**WORK TO COMPLETE**: The lines from the start of the data through the line containing "Jazmin Johnson, former" are to be reproduced exactly, both ends included.

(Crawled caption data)
===============

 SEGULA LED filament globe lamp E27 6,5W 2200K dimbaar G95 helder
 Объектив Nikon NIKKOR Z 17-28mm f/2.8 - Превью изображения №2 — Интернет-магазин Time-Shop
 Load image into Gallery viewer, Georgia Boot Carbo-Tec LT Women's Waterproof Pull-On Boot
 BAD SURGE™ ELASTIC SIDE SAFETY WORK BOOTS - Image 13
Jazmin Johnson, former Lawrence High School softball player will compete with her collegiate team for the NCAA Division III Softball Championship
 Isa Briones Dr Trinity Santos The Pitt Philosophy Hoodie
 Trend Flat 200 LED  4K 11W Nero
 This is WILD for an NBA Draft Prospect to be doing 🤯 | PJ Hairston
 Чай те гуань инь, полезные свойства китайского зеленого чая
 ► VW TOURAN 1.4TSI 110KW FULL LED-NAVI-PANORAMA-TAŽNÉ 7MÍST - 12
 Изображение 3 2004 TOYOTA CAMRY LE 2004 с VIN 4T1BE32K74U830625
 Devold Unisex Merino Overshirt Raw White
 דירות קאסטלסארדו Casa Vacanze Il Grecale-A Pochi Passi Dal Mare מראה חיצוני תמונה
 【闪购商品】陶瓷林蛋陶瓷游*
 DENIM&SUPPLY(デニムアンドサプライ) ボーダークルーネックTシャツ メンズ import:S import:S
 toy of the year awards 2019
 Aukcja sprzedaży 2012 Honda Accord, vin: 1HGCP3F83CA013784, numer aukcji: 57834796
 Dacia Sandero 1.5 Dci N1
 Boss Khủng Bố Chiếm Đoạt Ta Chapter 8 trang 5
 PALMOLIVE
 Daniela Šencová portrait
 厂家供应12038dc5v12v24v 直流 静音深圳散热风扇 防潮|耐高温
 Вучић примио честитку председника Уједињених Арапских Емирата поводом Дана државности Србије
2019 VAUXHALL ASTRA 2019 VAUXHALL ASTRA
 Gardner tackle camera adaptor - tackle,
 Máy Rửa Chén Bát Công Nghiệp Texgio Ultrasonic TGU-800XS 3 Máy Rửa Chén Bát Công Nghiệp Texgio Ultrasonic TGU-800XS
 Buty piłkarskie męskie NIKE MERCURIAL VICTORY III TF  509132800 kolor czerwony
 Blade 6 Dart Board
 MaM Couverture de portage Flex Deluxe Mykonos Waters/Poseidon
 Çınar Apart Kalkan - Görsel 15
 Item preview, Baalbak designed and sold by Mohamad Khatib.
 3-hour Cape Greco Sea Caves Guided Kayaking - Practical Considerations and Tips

===============

**REPLY**:
 SEGULA LED filament globe lamp E27 6,5W 2200K dimbaar G95 helder
 Объектив Nikon NIKKOR Z 17-28mm f/2.8 - Превью изображения №2 — Интернет-магазин Time-Shop
 Load image into Gallery viewer, Georgia Boot Carbo-Tec LT Women's Waterproof Pull-On Boot
 BAD SURGE™ ELASTIC SIDE SAFETY WORK BOOTS - Image 13
Jazmin Johnson, former Lawrence High School softball player will compete with her collegiate team for the NCAA Division III Softball Championship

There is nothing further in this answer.